On the flip side, there are still those movies that seek to subvert Christmassy themes, but in so doing, provide comfort to people who struggle with ‘the Christmas spirit.’ Here’s where you get things like Bad Santa, Nightmare Before Christmas, and personal fave Black Christmas (1974). (There is an absolutely thriving Christmas horror sub-genre.) There are even movies that manage to both subvert and lean in to the Christmas spirit, balancing a relatable tartness about the stresses of the season with an irrepressible sentimental energy. That’s where movies like The Apartment and Home Alone fit. They’re great for when you don’t want to feel like you’re getting slapped in the face with a glittery Hallmark card, but you’re still interested in some hard-earned seasonal cheer.Tradition
Then, there are those movies that people watch around Christmastime, more out of personal or family tradition than out of devotion to a seasonal theme. They may still be seasonally appropriate, like When Harry Met Sally (very much a New Year’s Eve movie in my book); or they may be pointedly incongruent, like Edward Scissorhands. They may have non-secular themes, like Indiana Jones and the Last Crusade, or The Sound of Music. Or maybe they just have absolutely killer outerwear, as is the case with The Devil Wears Prada. Numerous people have named Star Wars and Harry Potter to me as their seasonal franchise faves, even though Harry Potter is a whole witch. The point is, some movies just become Christmas movies by association rather than intention.
Technicalities
Again, sometimes a person wants an answer to “what’s your favourite Christmas movie?” that upends the perceived intention behind the question. Maybe they genuinely want to expand the scope of how we think about Christmas movies. Maybe they don’t entirely relate to the question, so they prefer to come at it from an odd angle. Maybe they’re just irony-pilled. Thankfully for us all, the whole “Die Hard is a Christmas movie” joke became so ubiquitous that people have generally moved on to answers that still have the capacity to surprise.

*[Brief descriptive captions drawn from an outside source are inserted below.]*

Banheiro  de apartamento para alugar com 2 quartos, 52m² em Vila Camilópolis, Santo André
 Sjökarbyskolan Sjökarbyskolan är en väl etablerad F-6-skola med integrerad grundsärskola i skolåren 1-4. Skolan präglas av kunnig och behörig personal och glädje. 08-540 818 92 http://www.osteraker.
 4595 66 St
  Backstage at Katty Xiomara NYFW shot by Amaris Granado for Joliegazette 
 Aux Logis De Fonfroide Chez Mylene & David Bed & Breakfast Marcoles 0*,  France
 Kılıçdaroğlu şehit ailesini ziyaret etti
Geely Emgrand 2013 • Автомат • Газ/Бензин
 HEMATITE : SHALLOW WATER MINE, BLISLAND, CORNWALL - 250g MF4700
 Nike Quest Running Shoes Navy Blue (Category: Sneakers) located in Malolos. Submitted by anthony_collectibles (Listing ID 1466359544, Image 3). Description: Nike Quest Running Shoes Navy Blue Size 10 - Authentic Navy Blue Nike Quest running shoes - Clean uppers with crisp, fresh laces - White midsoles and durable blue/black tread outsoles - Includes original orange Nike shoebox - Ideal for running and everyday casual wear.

Still, the pointedly incongruous choice does help us a little. It reveals what the person making it associates with a mainstream definition of a Christmas movie. Whatever those associations are, they run perpendicular to the pointedly incongruous movie. But this is as close as I can get to that mainstream definition.
Just to further illustrate my point, I quite literally illustrated my point. In a five-circle Venn diagram, no less!
(A word on this graphic—I very much know that this image is not to scale. Some of the circles should be much bigger, to accommodate more overlap. Some should be smaller. Maybe circles was the wrong way to go altogether. But the different factions of my OCD went to war with each other over this, and the symmetry faction won. Here you are.)
And you? What is your favourite Christmas movie?
I always thought of Passion of the Christ as an Easter movie but I also have never seen it. It’s A Wonderful Life is my favorite Christmas movie but I watch the SNL sketch of the “missing ending” afterwards so Potter gets what’s coming to him.